What the hell happened? When did I lose my way?

By now, the woman to my left is gone, and the teller is punching in numbers and counting out cash with an accountant’s efficiency. Before too long, it’s one last straggler and me, a man in dark blue scrubs.

Approximate hold time...three...minutes.

Keys rattle in my other ear, the security guard flipping the locks on the doors behind me, a jingling that alerts me to closing time. Five o’clock on the dot. I peel the phone away from my ear and check the notifications.

Still no response from Ed. Goddammit.

Images of Jade whiz by in my brain—tied to that blue chair, staring down the barrel of a masked madman’s gun. Helpless while the kids scream for her from across the hall. I wonder if she’s conscious, if she’s beaten and bloody, if he’s broken any of her bones. Why didn’t I ask? Why didn’t I insist on talking to the Bees? I consider calling her back, right after—

An Amex representative, a real person this time, sounds in my ear, and my knees buckle in relief. “Thank God. I need a pin for my card.”

The teller gives me a look, one that says he’s glad there’s a thick slice of bulletproof glass between us, then goes back to counting out the cash while the Amex representative walks me through the steps. By the time the teller has clipped together the last stack of money, I have a working pin.

When the last stack is counted and marked and fastened, the teller points me to a glass-enclosed room at the far end of the building. An office, boring and generic—a desk, two chairs, a computer monitor and a giant poster on the wall. The room is dark, much like the rest of the bank. The security guard turned the lights off ages ago.

I turn back to the teller. “If you don’t mind, I’m kind of in a hurry. I’ll just take the money and go.”

“Sir, I will deliver the money to you in that office.” Not so much a question as a demand. He gathers up the piles of cash and drops them into a zippered bank bag. “We’ll have more privacy there.”

I turn, taking in the space around me, all of it empty. Even the security guard has moved on, disappearing with his rattling keys behind a padlocked door. I am the last man standing. We have all the privacy in the world.

The teller leans the Next Window Please sign against the glass and takes off with my bag of cash. I match him step for step, following him down the glass until he disappears behind a wall. A few seconds later he steps out of a door farther down, the bag of cash tucked under an arm. I hustle to the office, where he flips on the light and closes the door.
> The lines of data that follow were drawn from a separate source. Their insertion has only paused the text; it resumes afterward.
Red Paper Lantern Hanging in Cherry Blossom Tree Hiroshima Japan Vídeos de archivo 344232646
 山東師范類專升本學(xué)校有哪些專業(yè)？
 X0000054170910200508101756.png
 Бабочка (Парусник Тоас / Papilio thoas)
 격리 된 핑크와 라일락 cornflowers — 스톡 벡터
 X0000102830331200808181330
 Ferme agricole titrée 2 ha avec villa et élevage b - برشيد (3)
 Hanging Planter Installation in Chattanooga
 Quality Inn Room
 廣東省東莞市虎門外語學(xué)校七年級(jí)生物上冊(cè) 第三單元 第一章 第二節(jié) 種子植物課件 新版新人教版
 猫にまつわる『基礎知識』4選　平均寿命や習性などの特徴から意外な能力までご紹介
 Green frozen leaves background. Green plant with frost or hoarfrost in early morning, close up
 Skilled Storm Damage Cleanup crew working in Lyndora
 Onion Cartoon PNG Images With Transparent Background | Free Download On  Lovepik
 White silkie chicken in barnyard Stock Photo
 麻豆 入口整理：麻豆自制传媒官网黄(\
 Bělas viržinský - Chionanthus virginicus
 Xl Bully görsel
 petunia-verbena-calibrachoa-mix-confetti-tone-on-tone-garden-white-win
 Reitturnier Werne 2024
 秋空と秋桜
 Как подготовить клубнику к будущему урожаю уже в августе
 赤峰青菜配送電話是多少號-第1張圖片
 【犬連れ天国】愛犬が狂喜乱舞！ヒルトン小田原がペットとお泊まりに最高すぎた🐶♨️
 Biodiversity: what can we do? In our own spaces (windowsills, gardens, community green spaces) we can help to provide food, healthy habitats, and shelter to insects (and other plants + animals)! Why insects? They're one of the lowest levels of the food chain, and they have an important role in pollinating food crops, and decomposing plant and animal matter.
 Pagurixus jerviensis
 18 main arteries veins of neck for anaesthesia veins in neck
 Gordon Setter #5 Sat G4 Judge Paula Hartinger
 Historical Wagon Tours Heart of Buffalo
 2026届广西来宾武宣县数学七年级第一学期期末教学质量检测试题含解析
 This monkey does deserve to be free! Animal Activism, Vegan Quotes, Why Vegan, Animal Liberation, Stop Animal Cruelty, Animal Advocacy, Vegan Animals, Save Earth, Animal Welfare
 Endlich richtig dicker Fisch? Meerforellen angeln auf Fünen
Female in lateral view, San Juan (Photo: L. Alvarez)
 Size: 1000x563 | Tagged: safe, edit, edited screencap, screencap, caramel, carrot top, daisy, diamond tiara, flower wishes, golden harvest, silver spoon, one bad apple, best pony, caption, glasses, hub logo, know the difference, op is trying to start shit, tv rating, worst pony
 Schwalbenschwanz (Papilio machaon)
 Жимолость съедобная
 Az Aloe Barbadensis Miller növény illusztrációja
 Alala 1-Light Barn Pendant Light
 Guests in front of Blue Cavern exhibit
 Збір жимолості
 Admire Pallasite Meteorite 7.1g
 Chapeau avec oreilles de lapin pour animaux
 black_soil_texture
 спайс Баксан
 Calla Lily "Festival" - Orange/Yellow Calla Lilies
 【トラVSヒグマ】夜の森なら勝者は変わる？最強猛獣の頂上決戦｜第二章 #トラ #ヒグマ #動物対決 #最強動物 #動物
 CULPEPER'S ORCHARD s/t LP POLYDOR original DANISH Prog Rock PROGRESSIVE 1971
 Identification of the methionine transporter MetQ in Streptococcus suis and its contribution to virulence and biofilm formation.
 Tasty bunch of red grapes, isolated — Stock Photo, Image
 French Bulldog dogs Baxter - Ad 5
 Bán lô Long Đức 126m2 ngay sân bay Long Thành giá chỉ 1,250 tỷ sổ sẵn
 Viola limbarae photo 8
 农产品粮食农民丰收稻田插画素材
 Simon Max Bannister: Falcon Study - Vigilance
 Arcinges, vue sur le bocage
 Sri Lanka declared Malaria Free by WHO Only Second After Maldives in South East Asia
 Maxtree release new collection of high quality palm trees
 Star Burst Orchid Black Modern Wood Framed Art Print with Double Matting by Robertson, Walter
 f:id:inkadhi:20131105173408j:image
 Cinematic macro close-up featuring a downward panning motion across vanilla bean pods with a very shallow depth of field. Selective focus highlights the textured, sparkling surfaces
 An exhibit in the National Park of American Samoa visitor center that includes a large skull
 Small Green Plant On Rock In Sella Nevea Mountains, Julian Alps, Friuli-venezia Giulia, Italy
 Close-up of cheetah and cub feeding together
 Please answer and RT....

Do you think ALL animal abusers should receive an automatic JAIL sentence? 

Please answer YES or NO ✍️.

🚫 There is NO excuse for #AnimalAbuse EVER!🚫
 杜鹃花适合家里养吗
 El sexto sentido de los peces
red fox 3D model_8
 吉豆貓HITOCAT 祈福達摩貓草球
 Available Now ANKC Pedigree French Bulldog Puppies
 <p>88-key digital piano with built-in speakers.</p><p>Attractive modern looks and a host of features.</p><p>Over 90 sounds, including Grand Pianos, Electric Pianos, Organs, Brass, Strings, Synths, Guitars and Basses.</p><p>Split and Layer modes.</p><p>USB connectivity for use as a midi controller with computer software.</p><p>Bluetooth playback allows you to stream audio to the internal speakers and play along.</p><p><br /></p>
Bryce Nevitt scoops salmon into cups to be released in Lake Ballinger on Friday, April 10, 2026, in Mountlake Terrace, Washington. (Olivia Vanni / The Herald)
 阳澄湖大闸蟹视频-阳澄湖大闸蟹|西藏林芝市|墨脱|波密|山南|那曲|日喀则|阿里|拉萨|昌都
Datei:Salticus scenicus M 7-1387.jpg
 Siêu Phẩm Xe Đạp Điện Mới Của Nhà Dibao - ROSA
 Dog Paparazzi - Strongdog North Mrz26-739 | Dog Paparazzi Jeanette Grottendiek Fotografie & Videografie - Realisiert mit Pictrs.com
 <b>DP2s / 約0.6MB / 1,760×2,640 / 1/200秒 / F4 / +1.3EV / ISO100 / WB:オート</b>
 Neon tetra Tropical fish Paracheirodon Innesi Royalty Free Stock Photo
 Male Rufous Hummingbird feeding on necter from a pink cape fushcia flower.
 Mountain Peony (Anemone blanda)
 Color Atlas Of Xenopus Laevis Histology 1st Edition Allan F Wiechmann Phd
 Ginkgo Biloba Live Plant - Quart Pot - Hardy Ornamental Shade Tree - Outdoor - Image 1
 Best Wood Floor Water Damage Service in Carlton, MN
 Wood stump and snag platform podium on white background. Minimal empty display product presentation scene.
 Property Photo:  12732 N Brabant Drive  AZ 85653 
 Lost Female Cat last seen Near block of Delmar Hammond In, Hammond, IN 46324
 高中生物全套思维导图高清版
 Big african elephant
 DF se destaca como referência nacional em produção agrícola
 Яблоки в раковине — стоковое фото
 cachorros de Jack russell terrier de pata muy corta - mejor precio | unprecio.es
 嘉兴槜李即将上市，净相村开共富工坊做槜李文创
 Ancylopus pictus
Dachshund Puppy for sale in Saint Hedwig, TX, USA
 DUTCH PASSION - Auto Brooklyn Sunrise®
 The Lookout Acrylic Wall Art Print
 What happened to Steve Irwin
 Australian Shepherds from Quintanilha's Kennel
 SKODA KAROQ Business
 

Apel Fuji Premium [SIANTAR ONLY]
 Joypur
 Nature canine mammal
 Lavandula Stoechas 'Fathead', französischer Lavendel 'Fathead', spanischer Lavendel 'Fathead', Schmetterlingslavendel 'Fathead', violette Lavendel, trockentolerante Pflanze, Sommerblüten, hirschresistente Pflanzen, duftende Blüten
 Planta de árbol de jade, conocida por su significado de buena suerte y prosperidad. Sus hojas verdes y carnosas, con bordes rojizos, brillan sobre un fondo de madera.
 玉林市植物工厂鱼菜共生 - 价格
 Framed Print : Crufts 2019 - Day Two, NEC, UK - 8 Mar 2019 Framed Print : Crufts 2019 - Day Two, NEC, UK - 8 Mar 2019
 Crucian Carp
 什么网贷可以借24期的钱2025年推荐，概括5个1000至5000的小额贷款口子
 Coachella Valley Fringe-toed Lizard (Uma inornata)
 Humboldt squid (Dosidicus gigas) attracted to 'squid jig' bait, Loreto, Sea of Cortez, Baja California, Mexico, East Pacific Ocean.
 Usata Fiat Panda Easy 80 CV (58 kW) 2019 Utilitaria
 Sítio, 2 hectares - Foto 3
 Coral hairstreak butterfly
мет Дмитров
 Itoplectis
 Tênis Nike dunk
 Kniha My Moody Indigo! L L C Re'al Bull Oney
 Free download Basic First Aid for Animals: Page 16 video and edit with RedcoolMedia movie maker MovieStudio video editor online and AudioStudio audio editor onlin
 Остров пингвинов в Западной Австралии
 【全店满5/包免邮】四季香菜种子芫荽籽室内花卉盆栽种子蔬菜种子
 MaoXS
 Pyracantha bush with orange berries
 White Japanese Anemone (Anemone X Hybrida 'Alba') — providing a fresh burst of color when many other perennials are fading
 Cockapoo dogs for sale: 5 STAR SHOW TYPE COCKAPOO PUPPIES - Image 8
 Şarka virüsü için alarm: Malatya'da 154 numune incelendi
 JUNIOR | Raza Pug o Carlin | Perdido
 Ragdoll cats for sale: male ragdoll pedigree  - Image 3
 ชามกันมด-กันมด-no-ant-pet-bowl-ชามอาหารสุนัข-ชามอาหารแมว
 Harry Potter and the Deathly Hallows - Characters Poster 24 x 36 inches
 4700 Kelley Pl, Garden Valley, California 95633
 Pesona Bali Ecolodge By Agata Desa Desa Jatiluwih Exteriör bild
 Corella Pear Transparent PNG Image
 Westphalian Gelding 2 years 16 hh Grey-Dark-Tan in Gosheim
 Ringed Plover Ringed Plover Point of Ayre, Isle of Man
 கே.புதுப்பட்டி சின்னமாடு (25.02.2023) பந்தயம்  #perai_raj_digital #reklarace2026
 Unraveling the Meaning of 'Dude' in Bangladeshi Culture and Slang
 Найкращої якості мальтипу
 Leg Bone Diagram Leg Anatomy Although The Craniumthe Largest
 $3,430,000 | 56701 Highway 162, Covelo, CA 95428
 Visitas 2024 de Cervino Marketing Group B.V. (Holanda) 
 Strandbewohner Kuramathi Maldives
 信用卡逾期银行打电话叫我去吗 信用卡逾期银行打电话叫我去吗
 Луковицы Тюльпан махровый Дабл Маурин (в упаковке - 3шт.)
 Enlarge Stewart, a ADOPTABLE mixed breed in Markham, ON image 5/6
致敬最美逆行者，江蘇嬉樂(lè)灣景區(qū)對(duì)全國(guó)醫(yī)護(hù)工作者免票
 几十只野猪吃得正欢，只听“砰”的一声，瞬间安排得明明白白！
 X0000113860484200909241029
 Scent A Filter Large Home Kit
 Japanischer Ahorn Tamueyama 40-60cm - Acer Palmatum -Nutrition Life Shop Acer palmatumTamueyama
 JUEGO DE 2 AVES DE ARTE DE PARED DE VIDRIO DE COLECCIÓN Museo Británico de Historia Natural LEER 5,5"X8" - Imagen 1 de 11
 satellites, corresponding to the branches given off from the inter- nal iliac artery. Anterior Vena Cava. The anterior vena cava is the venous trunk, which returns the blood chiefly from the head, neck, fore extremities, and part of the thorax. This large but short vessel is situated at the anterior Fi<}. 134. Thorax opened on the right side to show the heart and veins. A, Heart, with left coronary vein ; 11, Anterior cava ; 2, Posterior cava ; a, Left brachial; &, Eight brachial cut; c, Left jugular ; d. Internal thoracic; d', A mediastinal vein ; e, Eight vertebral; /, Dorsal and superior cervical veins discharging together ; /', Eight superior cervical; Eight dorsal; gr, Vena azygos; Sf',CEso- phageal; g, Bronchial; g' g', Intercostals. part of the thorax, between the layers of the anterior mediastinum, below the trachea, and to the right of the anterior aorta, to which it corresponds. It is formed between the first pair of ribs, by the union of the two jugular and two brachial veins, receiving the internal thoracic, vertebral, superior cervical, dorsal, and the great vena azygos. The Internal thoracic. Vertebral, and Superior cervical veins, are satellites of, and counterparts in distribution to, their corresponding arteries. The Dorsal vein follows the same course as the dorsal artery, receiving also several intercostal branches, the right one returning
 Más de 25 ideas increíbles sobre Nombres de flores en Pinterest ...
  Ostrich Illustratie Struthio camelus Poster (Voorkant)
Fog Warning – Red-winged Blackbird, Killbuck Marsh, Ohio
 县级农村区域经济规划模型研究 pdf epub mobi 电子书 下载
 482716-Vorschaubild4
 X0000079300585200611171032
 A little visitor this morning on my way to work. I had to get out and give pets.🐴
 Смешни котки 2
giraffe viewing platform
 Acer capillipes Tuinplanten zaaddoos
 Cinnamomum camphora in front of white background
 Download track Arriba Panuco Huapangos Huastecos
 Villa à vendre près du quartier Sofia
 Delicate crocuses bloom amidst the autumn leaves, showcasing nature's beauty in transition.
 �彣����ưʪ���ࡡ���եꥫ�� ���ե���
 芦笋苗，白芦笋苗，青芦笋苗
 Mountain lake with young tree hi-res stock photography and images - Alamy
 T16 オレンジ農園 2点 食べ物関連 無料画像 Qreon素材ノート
“Mr. Lasky, are you aware that according to the Bank Secrecy Act, we are required to report cash withdrawals of $10,000 or more to the IRS?”

I plop into one of the chairs, thinking how to best respond. No police. That’s what Jade said. She said at the first sign of sirens, the man will start shooting, and he’ll start with the Bees. A fresh wave of panic climbs my chest at the thought.

I can’t let that happen. He said no police.

The IRS, on the other hand. The IRS is a bureaucratic behemoth, like most governmental agencies only speedy when they’re on the receiving end. It’ll takes weeks, months even, for them to follow up on this report. It’s already past five. The earliest they could get to it is tomorrow morning. All I need is a few hours.

“Okay, fine.” I stretch a hand across the desk. “Report away.”

On the chair across from me, the teller grips the bag of cash with both hands. He’s not blind. I watch him clock my sweaty face, the leg I can’t seem to stop jiggling, my frenzied eyes with a bank robber’s glint. He knows something is wrong. I might as well be wearing a sign: “Meth addict, need money for drugs.”

“I am also required to ask why you want such an unusually large amount of cash.”